▶ _ACTIVITY_
Output all records exactly, with no images.

[Opening SUPPLIED ENTRIES section]

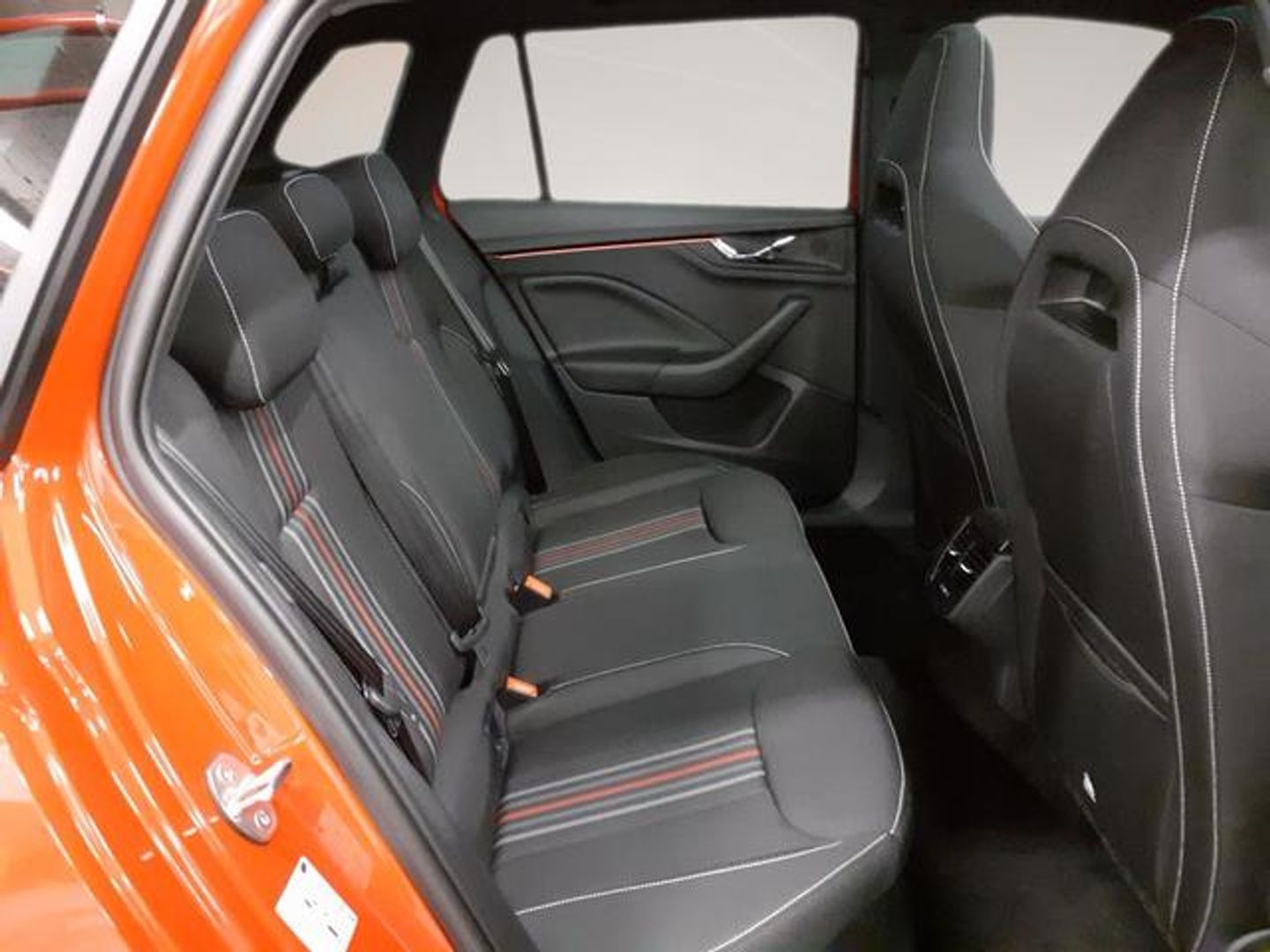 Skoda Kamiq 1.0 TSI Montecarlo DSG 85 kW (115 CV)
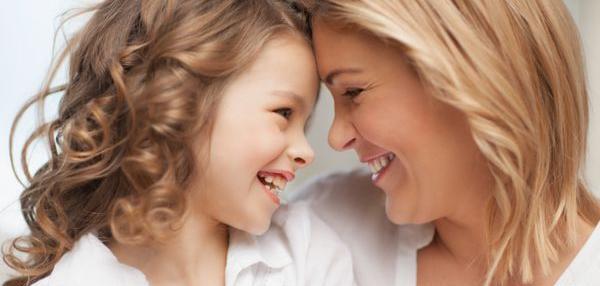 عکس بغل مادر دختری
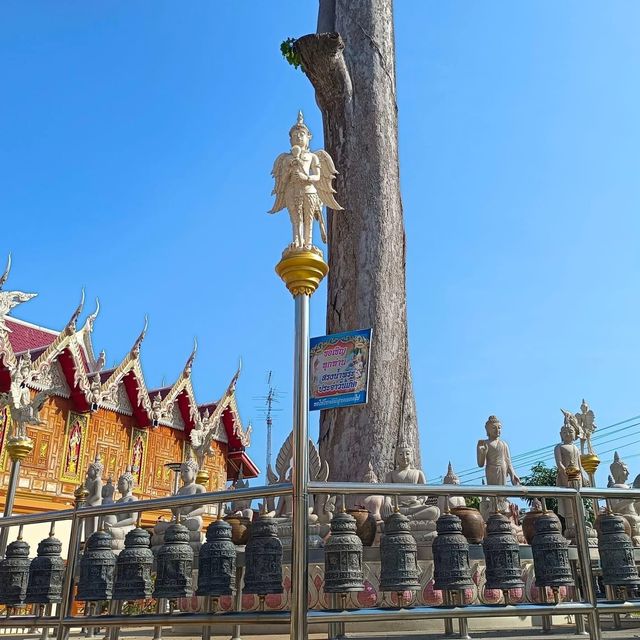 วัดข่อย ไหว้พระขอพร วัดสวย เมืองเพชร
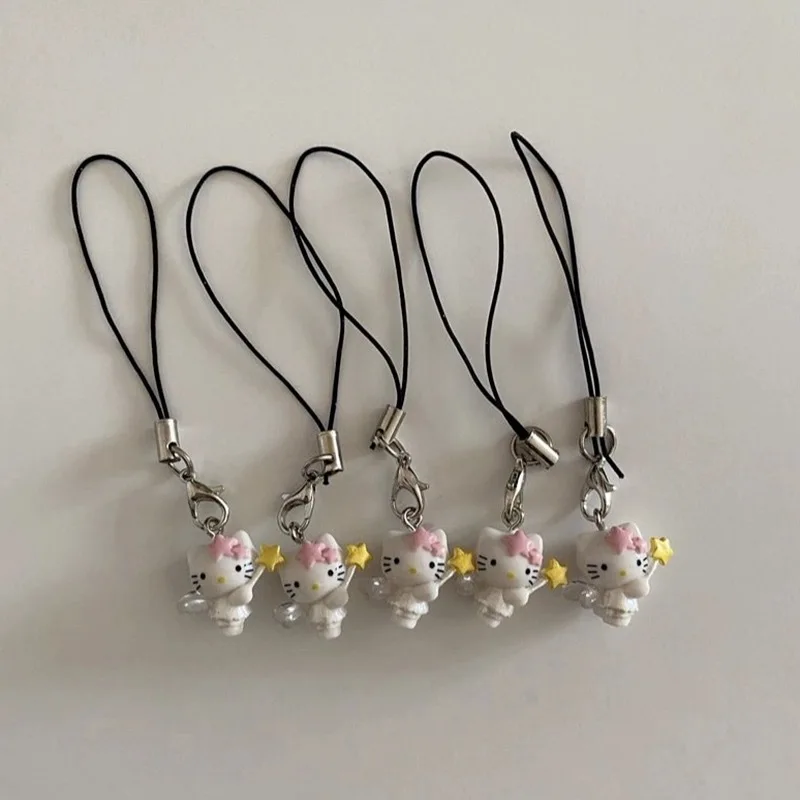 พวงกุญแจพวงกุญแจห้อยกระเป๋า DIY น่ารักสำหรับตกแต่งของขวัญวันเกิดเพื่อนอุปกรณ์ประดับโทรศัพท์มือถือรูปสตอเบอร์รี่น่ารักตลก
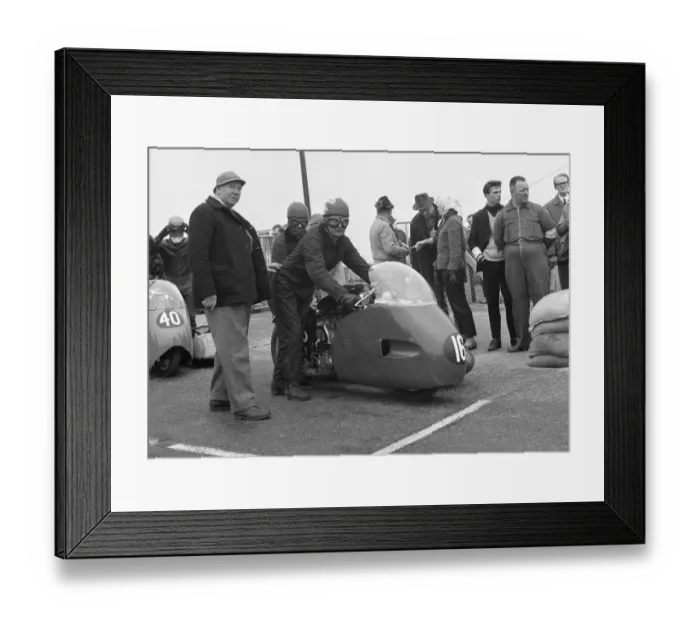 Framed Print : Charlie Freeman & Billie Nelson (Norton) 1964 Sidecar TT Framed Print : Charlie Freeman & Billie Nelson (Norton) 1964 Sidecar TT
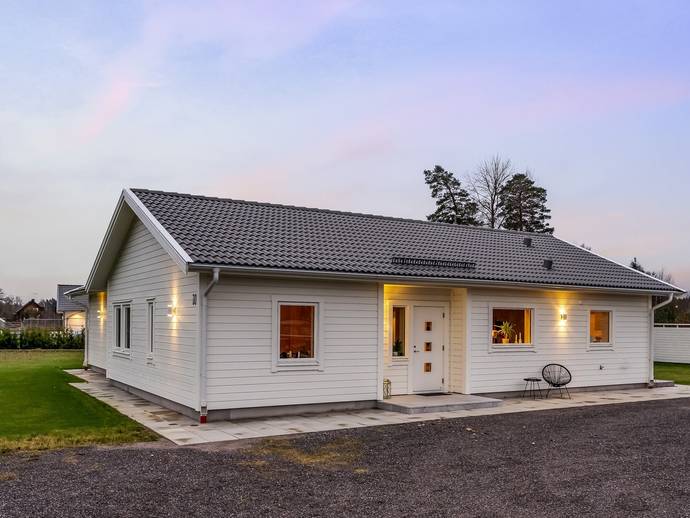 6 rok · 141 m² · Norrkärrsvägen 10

[Closing SUPPLIED ENTRIES section]

▶ _EXERCISE SOLUTION_
 Skoda Kamiq 1.0 TSI Montecarlo DSG 85 kW (115 CV)
 عکس بغل مادر دختری
 วัดข่อย ไหว้พระขอพร วัดสวย เมืองเพชร
 พวงกุญแจพวงกุญแจห้อยกระเป๋า DIY น่ารักสำหรับตกแต่งของขวัญวันเกิดเพื่อนอุปกรณ์ประดับโทรศัพท์มือถือรูปสตอเบอร์รี่น่ารักตลก
 Framed Print : Charlie Freeman & Billie Nelson (Norton) 1964 Sidecar TT Framed Print : Charlie Freeman & Billie Nelson (Norton) 1964 Sidecar TT
 6 rok · 141 m² · Norrkärrsvägen 10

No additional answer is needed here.